▸ DATASET CONTENT:
===

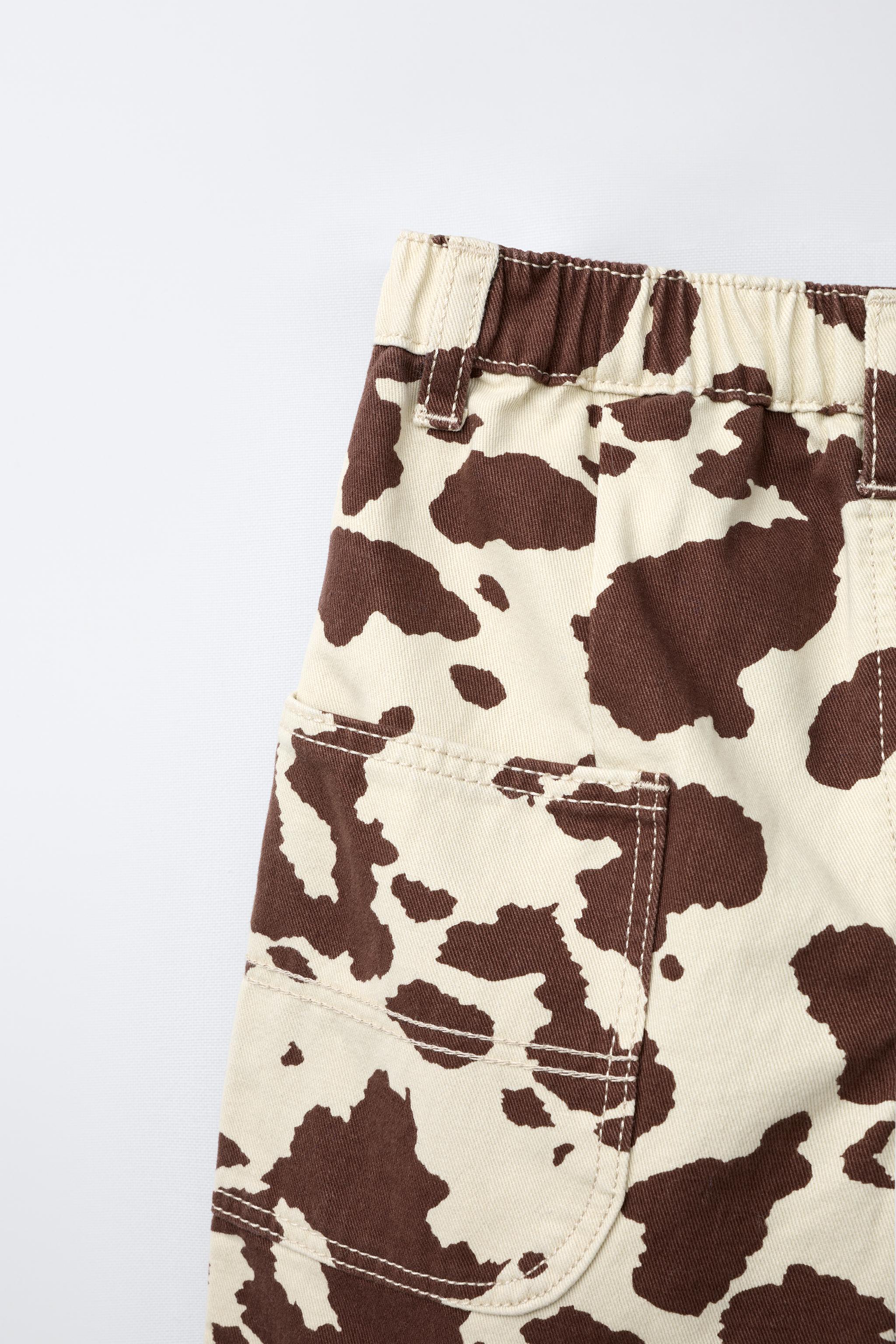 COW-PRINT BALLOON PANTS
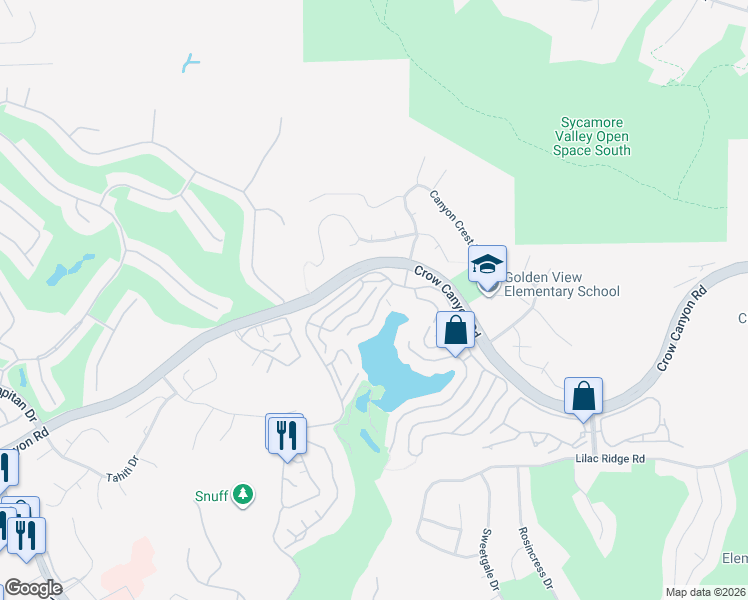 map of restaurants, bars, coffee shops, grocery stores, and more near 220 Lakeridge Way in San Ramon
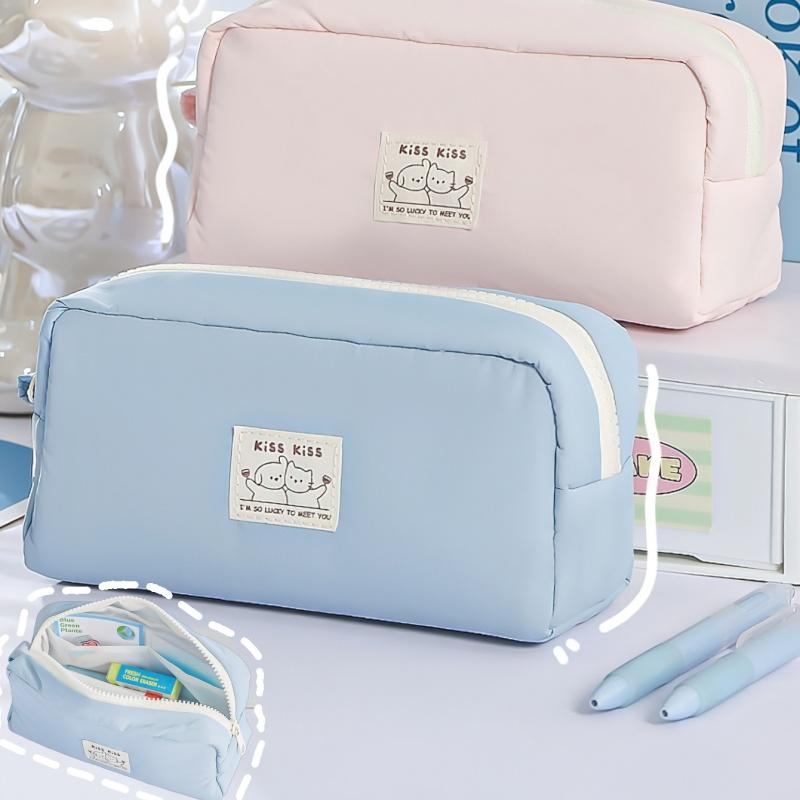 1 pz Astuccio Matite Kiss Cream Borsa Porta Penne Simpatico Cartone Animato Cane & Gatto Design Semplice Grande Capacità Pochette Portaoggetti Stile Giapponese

===

▸ REQUIREMENT:
Every line from the one containing "map of restaurants, bars, coffee" through the last line of the data is to be retyped exactly, with nothing added and no pictures included.

▸ SOLVED PROBLEM:
 map of restaurants, bars, coffee shops, grocery stores, and more near 220 Lakeridge Way in San Ramon
 1 pz Astuccio Matite Kiss Cream Borsa Porta Penne Simpatico Cartone Animato Cane & Gatto Design Semplice Grande Capacità Pochette Portaoggetti Stile Giapponese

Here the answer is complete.